:: What this task involves ::
An exact copy of the data is required, with no pictures in it.

:: Given information ::

┌────────

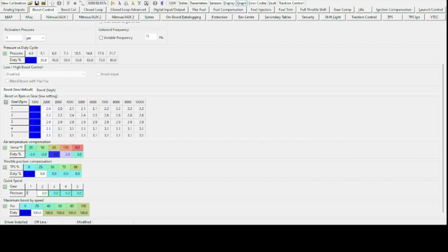Now that we've got the boost control tab opened up, let's go down to quick spool and change things around. We're going to bump first gear up to two pounds of boost and gears two through five up to five pounds of boost. This should get quick spool active and keep it active for a while so we can see what happens with a lower PSI setting. We also bumped our activation PSI up to one PSI.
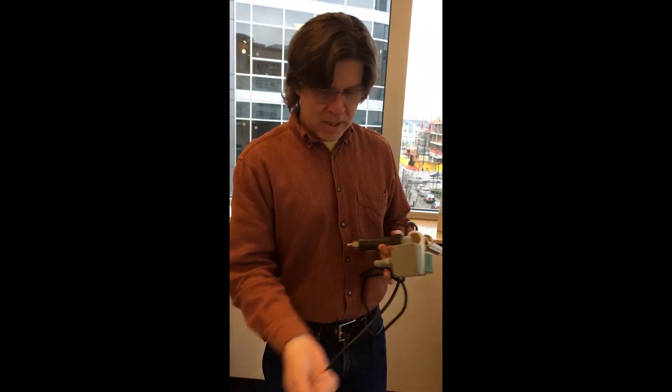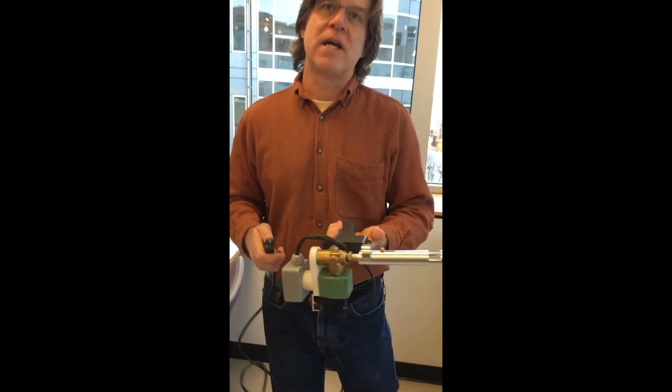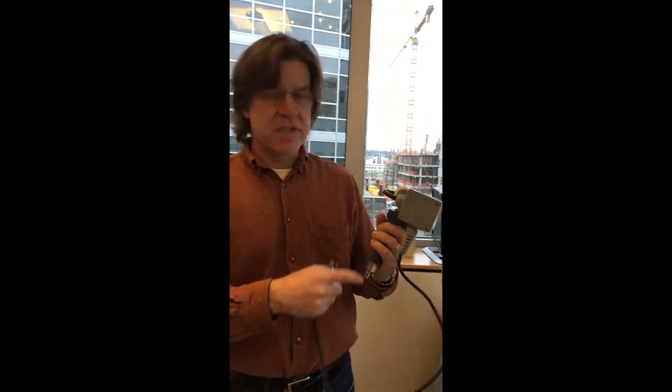Then what you do is you plug this into the outlet, and that's what the trigger operates on. So pushing the trigger will release a stream of helium, which is attached to this gun.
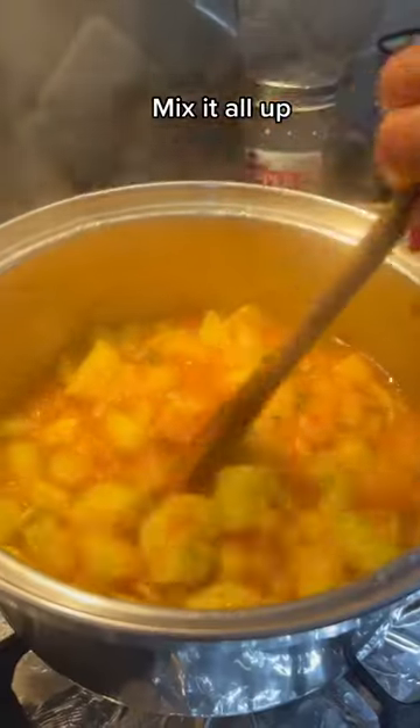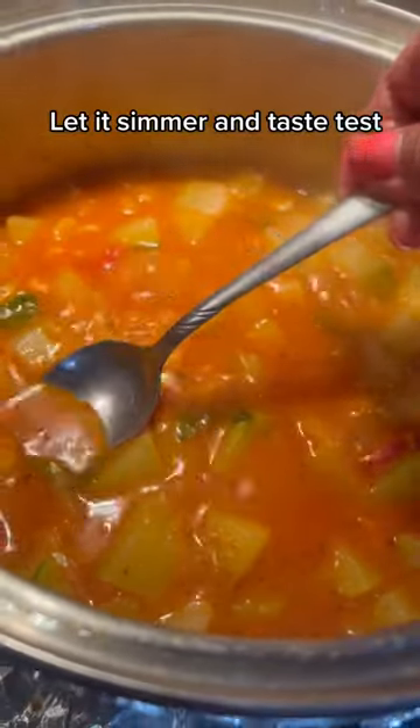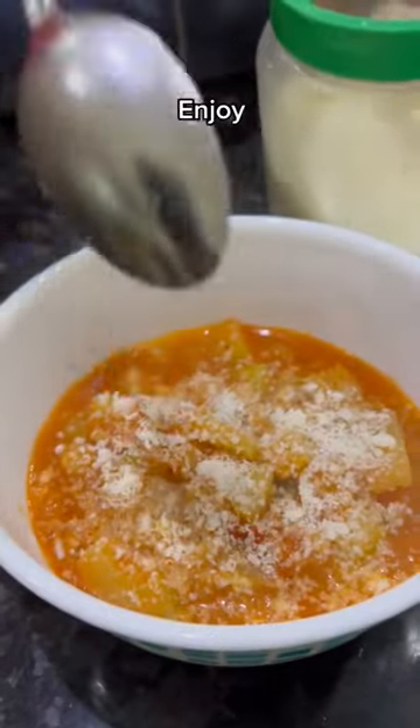Get sauce and add just enough to give it color, and mix it all up. Let it simmer till it looks like this, and make sure you taste test it to your liking. Add cheese and then it's bellissimo.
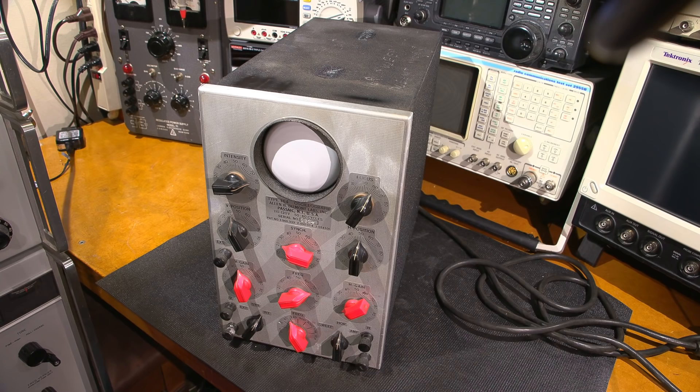Hi everyone, and welcome to another episode of Mr. Carlson's Lab. Let's check out this 1930s era oscillograph and see if it just comes to life. This should be a lot of fun — let's get right into it.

└────────

:: Solution to this exercise ::
Now that we've got the boost control tab opened up, let's go down to quick spool and change things around. We're going to bump first gear up to two pounds of boost and gears two through five up to five pounds of boost. This should get quick spool active and keep it active for a while so we can see what happens with a lower PSI setting. We also bumped our activation PSI up to one PSI.
Then what you do is you plug this into the outlet, and that's what the trigger operates on. So pushing the trigger will release a stream of helium, which is attached to this gun.
Get sauce and add just enough to give it color, and mix it all up. Let it simmer till it looks like this, and make sure you taste test it to your liking. Add cheese and then it's bellissimo.
Hi everyone, and welcome to another episode of Mr. Carlson's Lab. Let's check out this 1930s era oscillograph and see if it just comes to life. This should be a lot of fun — let's get right into it.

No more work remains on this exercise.